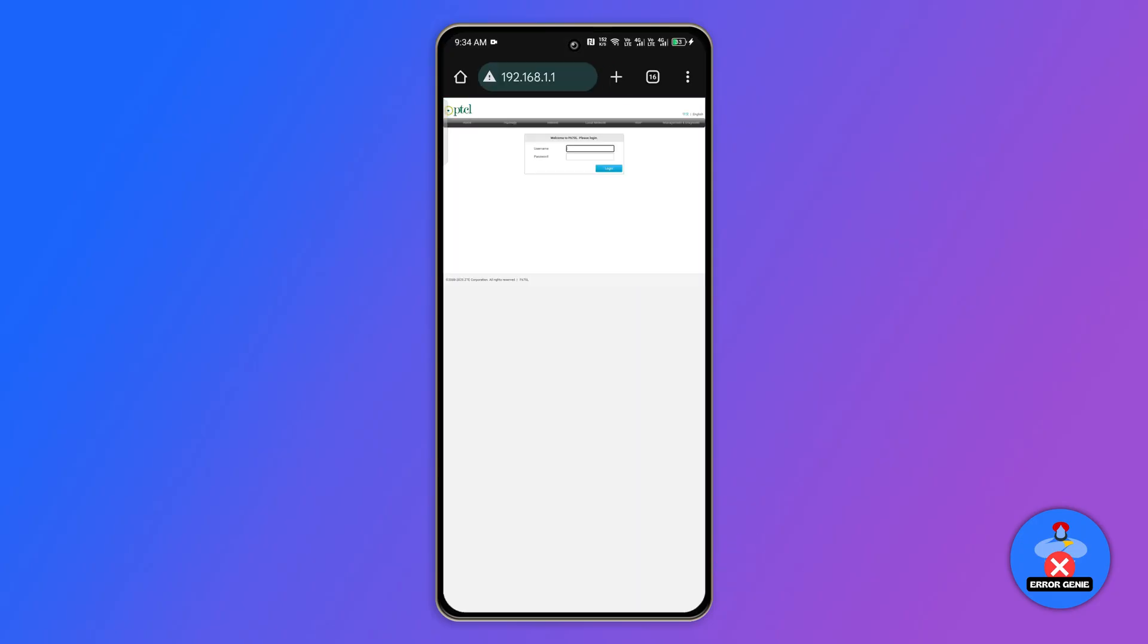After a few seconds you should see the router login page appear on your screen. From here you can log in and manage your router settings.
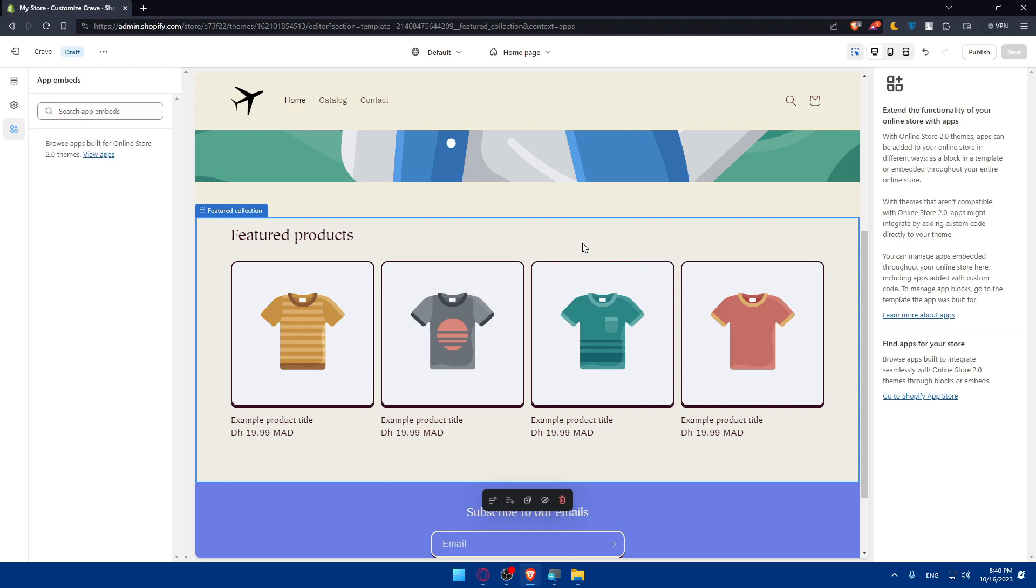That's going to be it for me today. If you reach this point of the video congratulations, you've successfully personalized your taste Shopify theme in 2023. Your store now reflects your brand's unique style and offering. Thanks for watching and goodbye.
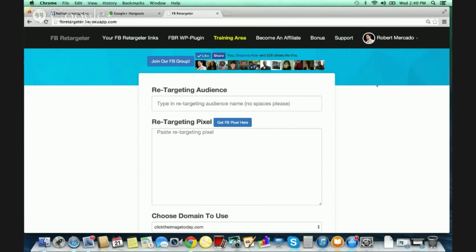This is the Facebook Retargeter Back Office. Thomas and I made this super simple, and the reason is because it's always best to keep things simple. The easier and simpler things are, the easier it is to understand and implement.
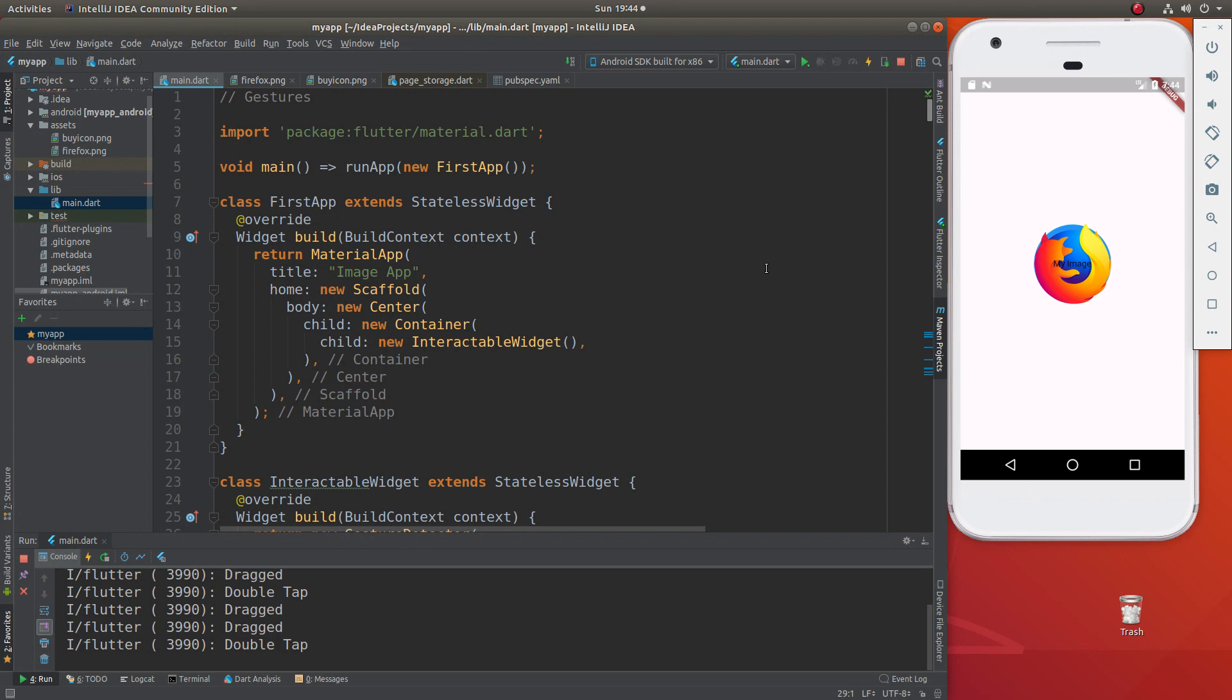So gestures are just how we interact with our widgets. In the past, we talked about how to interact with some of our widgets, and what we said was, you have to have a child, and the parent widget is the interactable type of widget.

WORK REQUIRED >> Please write out all the data word for word, but keep every picture out.

ANSWER BOX >>
After a few seconds you should see the router login page appear on your screen. From here you can log in and manage your router settings.
That's going to be it for me today. If you reach this point of the video congratulations, you've successfully personalized your taste Shopify theme in 2023. Your store now reflects your brand's unique style and offering. Thanks for watching and goodbye.
This is the Facebook Retargeter Back Office. Thomas and I made this super simple, and the reason is because it's always best to keep things simple. The easier and simpler things are, the easier it is to understand and implement.
So gestures are just how we interact with our widgets. In the past, we talked about how to interact with some of our widgets, and what we said was, you have to have a child, and the parent widget is the interactable type of widget.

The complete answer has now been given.